After finding my lip balm, I walk to the nightstand, slip the ribbon free from the box, and lift the mask, pressing it lightly against my face for a moment. The fabric is luxurious against my skin, smooth, cool, and perfectly crafted. I focus on breathing slowly and steadily. It smells faintly of lavender and new fabric.
The scent is subtle but pervasive, designed to soothe and relax. And maybe it really is just a thoughtful gift from someone who understands the strain I'm under and wants to help in the only way she knows how. But even as I try to convince myself, a shredof doubt remains, gnawing at the edges of my consciousness like a persistent ache.
I set the mask aside and reach for the oil, uncapping it and dabbing a few drops onto my wrist. The scent unfurls gently, floral, sweet, familiar. Despite my reservations, I can't deny that it's pleasant, soothing in the way that good aromatherapy should be. The tension in my shoulders begins to recede, my nerves dulling as the fragrance works its subtle magic.
I crawl into bed and pull the blanket up to my chin, grateful for the softness of Egyptian cotton sheets. The mattress is perfect, of course, designed for optimal comfort and support. Everything in this house is the best money can buy, calibrated for luxury and ease. But something just doesn’t feel right. Paranoia is nibbling its way through my mind. Yet, exhaustion is winning the battle against paranoia, pulling me down into depths where conscious thought becomes impossible. I close my eyes, willing my thoughts to still.
14
DANIIL
The Lake Forest estate is silent, but silence here never feels safe. Security systems hum their electronic lullabies, cameras sweep the grounds in methodical arcs, and my enforcers pace the perimeter. It’s a fortress, but fortresses fall. History teaches us that walls crumble, defenses collapse, and even the mightiest strongholds become graveyards for those who trusted stone and steel.

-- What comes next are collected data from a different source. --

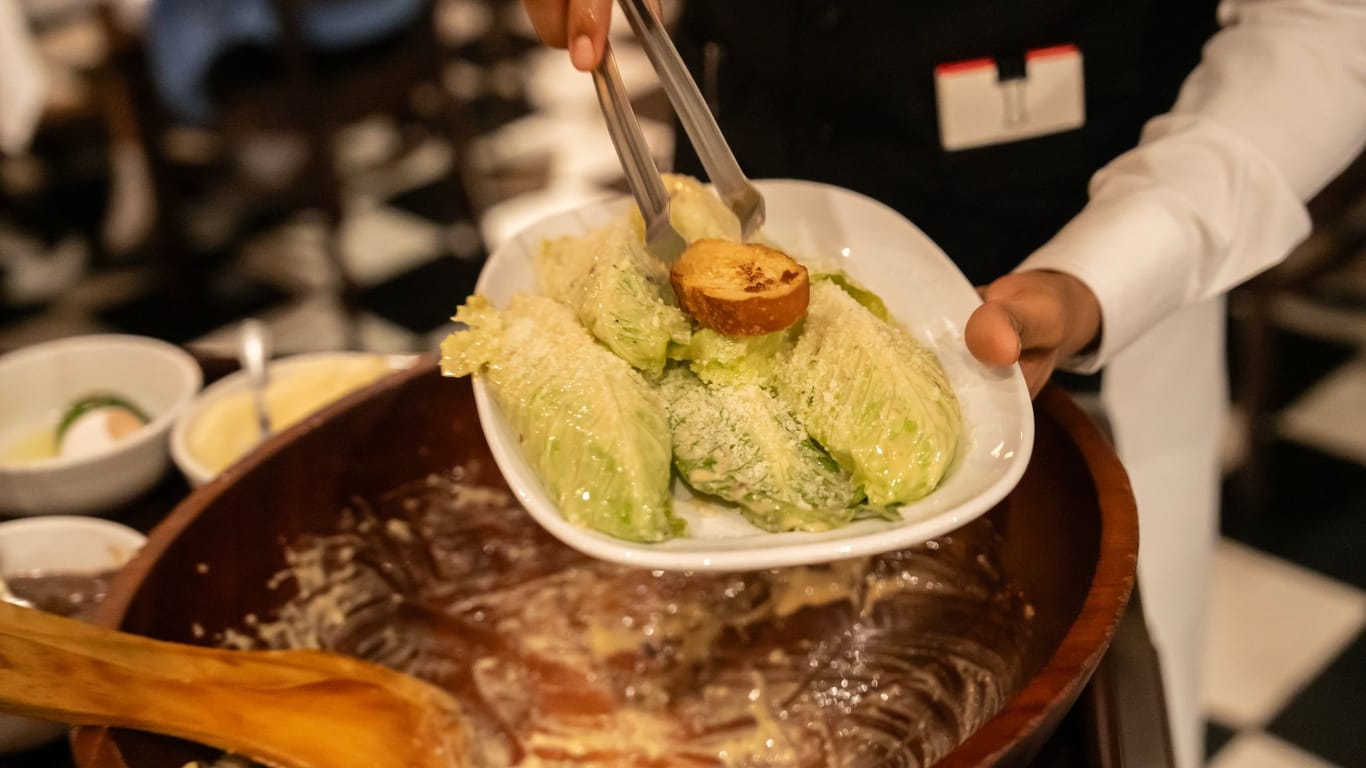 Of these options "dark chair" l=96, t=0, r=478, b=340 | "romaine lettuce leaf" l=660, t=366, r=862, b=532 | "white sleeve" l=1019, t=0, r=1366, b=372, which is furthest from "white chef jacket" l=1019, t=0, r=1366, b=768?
"dark chair" l=96, t=0, r=478, b=340

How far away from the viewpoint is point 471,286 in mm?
3096

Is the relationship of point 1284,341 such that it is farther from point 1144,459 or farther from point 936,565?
point 936,565

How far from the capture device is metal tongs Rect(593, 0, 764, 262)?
2.72 ft

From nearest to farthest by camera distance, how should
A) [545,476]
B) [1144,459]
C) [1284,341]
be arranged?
[545,476], [1144,459], [1284,341]

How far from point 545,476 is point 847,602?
32cm

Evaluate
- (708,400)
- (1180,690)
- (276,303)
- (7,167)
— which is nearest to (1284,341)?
(1180,690)

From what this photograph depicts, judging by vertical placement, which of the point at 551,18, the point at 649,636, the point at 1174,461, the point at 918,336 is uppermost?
the point at 551,18

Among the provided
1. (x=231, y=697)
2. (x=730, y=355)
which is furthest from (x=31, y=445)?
(x=730, y=355)

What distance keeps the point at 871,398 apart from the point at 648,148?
0.25 metres

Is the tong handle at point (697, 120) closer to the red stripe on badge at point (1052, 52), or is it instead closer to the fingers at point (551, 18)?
the fingers at point (551, 18)

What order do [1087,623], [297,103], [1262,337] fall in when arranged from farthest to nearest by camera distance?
[297,103] < [1262,337] < [1087,623]

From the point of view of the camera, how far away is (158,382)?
4.08ft

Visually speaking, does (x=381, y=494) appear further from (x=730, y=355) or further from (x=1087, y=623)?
(x=1087, y=623)

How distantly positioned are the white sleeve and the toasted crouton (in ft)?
0.95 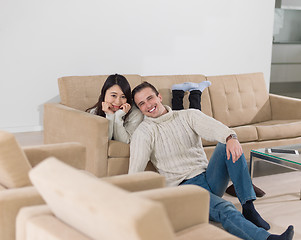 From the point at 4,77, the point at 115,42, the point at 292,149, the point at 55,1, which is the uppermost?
the point at 55,1

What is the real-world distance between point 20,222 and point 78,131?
190 cm

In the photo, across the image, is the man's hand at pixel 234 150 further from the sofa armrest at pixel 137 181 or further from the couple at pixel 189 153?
the sofa armrest at pixel 137 181

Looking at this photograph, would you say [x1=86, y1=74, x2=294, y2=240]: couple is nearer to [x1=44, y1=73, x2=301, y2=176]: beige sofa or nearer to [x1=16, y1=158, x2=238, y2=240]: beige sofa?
[x1=44, y1=73, x2=301, y2=176]: beige sofa

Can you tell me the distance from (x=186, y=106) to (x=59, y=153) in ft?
6.01

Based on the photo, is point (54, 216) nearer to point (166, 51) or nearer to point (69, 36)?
point (69, 36)

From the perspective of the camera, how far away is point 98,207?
1146 millimetres

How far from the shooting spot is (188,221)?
1830 mm

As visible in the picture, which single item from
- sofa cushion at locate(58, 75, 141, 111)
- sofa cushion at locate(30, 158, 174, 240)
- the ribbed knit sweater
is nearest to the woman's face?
the ribbed knit sweater

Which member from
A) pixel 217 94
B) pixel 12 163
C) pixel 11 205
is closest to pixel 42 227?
pixel 11 205

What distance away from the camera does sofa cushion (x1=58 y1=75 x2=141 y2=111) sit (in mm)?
3764

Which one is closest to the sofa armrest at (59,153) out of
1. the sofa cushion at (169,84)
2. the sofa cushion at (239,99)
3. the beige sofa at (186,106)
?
the beige sofa at (186,106)

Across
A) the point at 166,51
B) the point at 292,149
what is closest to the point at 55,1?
the point at 166,51

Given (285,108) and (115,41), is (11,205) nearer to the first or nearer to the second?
(285,108)

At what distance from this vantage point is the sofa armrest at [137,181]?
1956 millimetres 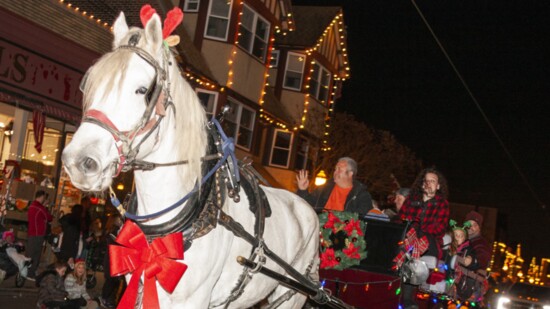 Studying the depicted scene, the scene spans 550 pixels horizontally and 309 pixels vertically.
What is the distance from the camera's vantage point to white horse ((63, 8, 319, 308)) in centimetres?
396

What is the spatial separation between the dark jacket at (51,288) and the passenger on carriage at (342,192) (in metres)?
4.93

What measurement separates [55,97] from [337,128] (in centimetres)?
1820

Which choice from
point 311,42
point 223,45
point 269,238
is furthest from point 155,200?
point 311,42

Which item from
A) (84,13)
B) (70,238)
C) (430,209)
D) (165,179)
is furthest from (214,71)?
(165,179)

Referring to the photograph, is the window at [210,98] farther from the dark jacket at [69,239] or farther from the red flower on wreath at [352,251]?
the red flower on wreath at [352,251]

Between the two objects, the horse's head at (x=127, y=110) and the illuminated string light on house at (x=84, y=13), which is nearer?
the horse's head at (x=127, y=110)

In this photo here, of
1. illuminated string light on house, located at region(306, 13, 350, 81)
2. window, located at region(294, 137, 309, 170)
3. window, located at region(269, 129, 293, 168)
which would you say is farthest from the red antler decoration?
window, located at region(294, 137, 309, 170)

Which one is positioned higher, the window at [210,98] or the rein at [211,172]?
the window at [210,98]

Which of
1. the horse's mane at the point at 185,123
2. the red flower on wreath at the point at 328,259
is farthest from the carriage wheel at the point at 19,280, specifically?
the horse's mane at the point at 185,123

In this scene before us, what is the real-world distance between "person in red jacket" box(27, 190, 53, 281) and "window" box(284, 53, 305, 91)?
18.3 m

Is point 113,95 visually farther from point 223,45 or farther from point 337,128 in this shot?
point 337,128

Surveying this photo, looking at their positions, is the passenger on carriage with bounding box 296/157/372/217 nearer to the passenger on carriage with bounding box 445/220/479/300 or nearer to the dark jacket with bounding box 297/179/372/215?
the dark jacket with bounding box 297/179/372/215

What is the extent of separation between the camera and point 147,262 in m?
4.55

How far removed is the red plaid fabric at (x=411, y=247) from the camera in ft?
23.8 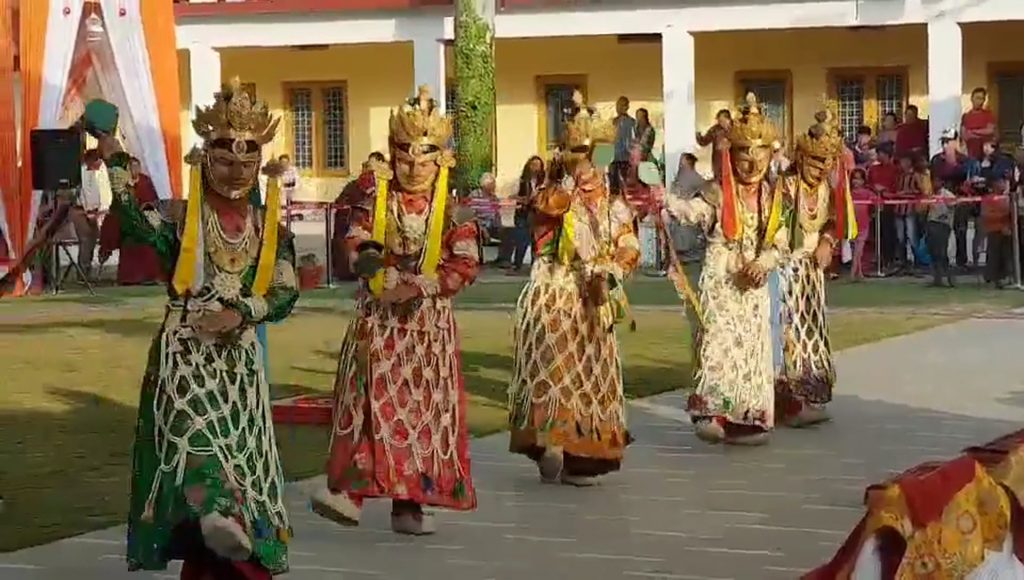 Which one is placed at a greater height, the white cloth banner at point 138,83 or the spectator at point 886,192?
the white cloth banner at point 138,83

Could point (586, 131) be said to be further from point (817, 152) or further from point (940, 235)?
point (940, 235)

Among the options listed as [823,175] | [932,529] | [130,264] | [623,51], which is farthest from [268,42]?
[932,529]

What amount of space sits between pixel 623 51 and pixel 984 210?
34.7 ft

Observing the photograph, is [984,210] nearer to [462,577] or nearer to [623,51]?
[623,51]

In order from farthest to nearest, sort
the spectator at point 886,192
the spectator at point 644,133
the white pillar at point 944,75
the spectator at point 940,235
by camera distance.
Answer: the white pillar at point 944,75 < the spectator at point 644,133 < the spectator at point 886,192 < the spectator at point 940,235

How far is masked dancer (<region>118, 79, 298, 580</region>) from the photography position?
6.62m

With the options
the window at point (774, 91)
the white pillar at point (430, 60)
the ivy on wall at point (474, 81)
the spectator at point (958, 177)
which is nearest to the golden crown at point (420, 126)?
the spectator at point (958, 177)

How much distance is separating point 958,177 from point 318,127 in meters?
13.0

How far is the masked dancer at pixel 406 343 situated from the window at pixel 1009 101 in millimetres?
21019

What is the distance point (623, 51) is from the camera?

In my mind, I still see my family’s estate window exploding, glass shards scattering like sparks in the dying light, a bullet slicing past Naomi by mere inches. The memory plays on an endless loop, each detail burned into my consciousness with perfect clarity. I remember throwing myself over her, my body moving before my mind could process the danger, forcing her to the floor as gunfire cracked through the air like thunder. The thought gnaws at me relentlessly. If I'd been a heartbeat slower, if my reflexes had failed me for even a fraction of a second, she would already be gone. Another ghost to haunt my dreams.
I should send her away. Get her as far away from me as possible. Find some remote location where Viktor's reach cannot extend,where his poison cannot touch her. But I don't want to. Not now, not ever. The very idea of her absence creates a hollow ache in my chest.
Sasha's ghost lingers in the corner of my mind, persistent as smoke. Her laugh, bright and musical, echoes through rooms that now hold only silence. Her eyes were full of life and mischief. Losing her nearly destroyed me, shattering something fundamental inside that I thought could never heal. Losing Naomi would finish me. Complete the destruction that began years ago.
The office smells faintly of smoke and leather, familiar scents that usually bring comfort but tonight feel suffocating. I sit behind the massive Carrara marble desk, waiting in the amber glow of the desk lamp, the ice in my glass melting untouched. The whiskey grows warm, forgotten as my thoughts spiral through dark possibilities. The knock comes exactly when expected, firm and steady. Lex's timing is always impeccable.
“Enter.”
He steps inside, his posture crisp and military-straight, voice clipped as always. Years of service in Russia have honed him into the perfect soldier, loyal beyond question, efficient beyond reproach. “Perimeter is secure. Patrols doubled. No breaches detected.”
I nod once, my eyes narrowing as I study his face for any subtle sign of concern he might be hiding. “And Viktor?”